Te faz duvidar do seu valor, da sua importância, das suas capacidades

E de repente, ela se torna você

E não há nada de poético, nada bonito nisso

Eu já perdi a capacidade de romantizar a dor pra não doer tanto. agora deixo doer, deixo sangrar.

Há dias que doem mais que outros, dias que o simples ato de respirar te pesa as costas

Que o medo assola sua aorta e espreme seus ossos. que a insegurança te visita em plena 15 horas da tarde, no meio do expediente e te faz duvidar de tudo.

Mas há também os dias amenos, onde a esperança me visita e me faz acreditar que ainda posso ser eu. Que ainda consigo ser boa, fazer as pessoas sorrirem, dar o meu melhor pro mundo (e pra mim). Mas não é uma luta fácil, quem está do lado de fora pouco entende da tormenta.
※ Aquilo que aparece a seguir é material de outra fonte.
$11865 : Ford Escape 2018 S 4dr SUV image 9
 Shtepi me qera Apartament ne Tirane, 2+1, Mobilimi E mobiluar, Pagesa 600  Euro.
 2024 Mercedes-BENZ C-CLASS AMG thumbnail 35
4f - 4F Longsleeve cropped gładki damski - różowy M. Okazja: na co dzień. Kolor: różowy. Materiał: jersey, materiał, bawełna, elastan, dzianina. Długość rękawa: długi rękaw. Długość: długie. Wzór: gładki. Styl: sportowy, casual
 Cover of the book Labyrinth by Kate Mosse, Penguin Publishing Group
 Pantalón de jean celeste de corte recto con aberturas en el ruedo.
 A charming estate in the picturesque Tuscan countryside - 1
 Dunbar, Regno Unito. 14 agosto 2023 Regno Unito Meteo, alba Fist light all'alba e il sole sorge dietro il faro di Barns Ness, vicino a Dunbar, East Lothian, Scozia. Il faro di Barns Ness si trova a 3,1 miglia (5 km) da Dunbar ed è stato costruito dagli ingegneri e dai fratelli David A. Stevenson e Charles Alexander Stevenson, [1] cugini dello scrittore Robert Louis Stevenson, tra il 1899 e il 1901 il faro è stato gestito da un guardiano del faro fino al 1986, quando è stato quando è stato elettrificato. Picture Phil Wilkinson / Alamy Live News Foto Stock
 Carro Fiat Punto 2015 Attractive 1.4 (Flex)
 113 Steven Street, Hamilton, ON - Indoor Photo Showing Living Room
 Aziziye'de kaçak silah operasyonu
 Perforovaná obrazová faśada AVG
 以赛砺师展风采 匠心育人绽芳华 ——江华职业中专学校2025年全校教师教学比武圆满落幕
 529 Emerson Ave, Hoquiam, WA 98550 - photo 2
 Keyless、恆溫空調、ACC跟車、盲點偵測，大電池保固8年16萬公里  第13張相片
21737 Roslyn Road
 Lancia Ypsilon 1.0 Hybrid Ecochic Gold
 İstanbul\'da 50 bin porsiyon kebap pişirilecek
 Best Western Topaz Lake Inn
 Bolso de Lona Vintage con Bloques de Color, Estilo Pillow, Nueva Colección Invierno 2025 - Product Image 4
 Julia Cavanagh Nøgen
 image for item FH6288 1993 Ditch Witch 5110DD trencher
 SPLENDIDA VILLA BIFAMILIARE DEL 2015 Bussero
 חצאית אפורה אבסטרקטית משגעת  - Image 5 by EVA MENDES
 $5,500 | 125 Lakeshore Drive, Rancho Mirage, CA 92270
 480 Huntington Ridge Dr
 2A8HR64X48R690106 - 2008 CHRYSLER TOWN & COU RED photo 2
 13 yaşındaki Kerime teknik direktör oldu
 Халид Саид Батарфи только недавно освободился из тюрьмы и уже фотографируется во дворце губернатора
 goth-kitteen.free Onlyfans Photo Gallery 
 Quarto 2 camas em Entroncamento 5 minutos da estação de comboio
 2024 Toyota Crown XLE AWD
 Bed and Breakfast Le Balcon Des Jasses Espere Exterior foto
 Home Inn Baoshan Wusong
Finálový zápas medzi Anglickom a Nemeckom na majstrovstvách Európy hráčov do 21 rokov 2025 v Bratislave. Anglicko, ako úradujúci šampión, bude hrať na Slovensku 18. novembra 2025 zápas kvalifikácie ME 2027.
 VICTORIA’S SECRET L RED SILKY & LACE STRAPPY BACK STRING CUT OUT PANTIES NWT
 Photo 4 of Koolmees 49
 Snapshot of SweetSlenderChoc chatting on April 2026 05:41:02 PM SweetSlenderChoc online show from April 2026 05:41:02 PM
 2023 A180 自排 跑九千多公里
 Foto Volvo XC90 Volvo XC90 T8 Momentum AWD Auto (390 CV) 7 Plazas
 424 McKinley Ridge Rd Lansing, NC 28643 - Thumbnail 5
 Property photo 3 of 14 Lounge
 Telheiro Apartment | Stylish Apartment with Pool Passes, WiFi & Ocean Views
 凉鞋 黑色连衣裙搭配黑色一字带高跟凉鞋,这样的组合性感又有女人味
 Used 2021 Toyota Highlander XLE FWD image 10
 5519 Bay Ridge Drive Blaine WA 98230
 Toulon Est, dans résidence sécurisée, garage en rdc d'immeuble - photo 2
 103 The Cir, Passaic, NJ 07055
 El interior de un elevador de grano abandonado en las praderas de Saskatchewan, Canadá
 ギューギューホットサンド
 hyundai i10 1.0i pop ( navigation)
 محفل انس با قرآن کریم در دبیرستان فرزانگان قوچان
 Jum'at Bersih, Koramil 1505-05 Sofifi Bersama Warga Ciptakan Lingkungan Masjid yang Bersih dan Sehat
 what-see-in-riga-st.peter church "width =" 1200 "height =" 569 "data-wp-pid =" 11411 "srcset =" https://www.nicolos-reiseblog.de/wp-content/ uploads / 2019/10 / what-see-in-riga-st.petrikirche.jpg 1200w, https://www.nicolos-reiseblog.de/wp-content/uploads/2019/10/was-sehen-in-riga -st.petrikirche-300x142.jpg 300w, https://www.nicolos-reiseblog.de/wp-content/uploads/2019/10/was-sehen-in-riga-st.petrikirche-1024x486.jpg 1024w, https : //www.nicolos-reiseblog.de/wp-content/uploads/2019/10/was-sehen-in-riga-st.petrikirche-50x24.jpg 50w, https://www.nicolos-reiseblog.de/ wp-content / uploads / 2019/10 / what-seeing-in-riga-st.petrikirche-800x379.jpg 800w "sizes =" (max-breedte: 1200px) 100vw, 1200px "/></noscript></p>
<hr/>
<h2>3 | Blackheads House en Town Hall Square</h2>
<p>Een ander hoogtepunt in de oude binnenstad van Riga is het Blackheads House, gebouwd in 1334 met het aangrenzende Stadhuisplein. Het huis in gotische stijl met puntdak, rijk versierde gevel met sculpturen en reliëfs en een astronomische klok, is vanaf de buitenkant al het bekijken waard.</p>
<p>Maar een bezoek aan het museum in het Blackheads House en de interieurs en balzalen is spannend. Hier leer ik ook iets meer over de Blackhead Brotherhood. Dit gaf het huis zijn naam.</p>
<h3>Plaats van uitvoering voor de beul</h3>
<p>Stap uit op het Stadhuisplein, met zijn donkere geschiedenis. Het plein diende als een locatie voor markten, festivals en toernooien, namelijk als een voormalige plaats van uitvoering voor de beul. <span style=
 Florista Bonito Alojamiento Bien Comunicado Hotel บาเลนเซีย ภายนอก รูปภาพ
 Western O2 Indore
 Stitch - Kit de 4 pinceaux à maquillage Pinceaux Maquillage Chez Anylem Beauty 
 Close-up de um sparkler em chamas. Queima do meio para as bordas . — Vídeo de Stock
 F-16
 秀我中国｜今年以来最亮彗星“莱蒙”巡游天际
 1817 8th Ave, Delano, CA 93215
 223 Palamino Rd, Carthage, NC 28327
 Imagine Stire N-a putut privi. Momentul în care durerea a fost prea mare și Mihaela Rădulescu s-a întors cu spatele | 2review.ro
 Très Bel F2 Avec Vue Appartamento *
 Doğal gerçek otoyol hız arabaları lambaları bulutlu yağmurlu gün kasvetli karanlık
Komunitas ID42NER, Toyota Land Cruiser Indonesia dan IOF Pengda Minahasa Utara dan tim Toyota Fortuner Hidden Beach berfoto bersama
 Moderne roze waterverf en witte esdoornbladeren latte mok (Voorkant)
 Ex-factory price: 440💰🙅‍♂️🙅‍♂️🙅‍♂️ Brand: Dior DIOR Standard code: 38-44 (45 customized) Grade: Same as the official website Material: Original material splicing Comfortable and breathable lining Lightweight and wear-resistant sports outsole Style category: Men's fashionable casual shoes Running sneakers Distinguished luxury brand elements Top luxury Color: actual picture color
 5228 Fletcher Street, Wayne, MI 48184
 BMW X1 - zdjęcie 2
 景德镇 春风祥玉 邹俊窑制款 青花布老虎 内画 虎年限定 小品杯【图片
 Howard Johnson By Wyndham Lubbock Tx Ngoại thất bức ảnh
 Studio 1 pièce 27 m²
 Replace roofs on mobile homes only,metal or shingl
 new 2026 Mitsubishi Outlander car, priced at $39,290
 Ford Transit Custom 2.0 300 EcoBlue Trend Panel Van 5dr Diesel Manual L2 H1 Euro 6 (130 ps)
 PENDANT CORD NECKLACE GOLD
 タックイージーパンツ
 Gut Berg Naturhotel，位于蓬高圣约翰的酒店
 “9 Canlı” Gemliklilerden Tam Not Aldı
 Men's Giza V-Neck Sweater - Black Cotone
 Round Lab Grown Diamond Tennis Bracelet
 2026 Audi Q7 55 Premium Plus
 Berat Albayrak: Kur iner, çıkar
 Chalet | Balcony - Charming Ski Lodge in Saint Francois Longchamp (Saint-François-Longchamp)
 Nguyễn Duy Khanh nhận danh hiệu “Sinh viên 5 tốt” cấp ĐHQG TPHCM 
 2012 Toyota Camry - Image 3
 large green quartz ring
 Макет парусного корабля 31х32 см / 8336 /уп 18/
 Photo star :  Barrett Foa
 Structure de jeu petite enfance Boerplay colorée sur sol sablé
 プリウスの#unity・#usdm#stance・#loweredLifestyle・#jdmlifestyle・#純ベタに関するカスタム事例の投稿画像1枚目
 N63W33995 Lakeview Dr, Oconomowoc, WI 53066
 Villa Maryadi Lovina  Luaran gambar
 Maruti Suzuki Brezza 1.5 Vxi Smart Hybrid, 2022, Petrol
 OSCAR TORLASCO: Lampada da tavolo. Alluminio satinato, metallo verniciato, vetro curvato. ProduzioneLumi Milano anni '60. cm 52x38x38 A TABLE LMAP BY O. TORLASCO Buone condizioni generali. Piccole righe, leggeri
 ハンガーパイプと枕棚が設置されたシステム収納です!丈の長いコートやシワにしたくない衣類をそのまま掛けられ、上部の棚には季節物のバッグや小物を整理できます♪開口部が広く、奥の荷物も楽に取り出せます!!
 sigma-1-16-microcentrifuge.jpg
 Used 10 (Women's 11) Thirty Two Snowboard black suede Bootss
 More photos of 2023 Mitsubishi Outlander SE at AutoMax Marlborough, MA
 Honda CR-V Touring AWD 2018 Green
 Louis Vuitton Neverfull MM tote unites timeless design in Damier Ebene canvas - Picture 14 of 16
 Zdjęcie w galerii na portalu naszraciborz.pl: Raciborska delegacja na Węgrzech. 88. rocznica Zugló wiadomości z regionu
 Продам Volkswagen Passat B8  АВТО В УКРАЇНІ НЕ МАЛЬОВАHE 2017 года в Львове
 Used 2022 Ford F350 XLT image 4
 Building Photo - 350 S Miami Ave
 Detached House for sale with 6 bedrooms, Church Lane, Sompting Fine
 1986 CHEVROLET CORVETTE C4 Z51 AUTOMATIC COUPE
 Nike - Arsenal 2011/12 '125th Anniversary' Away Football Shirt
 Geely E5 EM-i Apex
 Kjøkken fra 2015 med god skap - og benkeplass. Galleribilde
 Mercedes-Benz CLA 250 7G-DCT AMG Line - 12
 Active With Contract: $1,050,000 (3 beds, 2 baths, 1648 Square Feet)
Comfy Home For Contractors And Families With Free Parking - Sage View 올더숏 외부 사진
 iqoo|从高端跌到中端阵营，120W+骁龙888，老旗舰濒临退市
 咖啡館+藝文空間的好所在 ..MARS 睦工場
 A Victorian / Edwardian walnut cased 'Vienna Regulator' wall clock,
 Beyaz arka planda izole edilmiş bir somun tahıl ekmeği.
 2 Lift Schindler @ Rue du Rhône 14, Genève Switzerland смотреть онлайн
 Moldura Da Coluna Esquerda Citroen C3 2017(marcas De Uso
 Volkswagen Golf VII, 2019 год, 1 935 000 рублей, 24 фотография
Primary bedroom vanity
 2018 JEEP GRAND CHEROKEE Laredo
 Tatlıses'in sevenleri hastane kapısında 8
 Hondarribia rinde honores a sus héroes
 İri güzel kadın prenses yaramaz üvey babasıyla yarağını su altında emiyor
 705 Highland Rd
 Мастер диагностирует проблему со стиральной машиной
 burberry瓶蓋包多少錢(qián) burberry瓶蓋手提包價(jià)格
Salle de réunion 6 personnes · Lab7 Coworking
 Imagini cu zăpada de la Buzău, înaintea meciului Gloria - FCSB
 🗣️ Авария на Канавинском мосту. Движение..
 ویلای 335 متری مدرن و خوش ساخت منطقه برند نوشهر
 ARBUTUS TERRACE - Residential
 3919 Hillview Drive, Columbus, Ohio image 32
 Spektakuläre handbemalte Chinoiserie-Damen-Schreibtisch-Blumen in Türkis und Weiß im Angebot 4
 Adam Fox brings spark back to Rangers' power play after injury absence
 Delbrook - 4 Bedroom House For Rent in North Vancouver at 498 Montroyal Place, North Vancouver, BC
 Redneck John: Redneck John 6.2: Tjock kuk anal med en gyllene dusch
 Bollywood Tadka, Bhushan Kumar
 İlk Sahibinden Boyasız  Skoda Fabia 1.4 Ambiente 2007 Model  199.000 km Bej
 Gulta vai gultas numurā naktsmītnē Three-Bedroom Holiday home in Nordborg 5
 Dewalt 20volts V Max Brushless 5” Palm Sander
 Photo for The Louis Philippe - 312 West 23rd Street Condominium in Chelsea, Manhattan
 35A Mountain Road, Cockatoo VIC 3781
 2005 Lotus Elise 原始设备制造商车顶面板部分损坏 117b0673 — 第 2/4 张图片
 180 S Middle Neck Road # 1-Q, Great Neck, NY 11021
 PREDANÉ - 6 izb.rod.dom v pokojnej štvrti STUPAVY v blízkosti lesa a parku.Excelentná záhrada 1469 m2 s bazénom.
Mas a vida segue, os dias passam, e continuar aqui mesmo contra todas as circunstâncias que te fazem querer não existir é lindo. E nisso sim há poesia. Sobreviver é corajoso. Lutar contra a depressão é um trabalho de tempo integral. Se deixar ela te levar um diazinho, quando tu vê, passou 6 meses.

Eu tenho uma velha  amiga, o nome dela é depressão.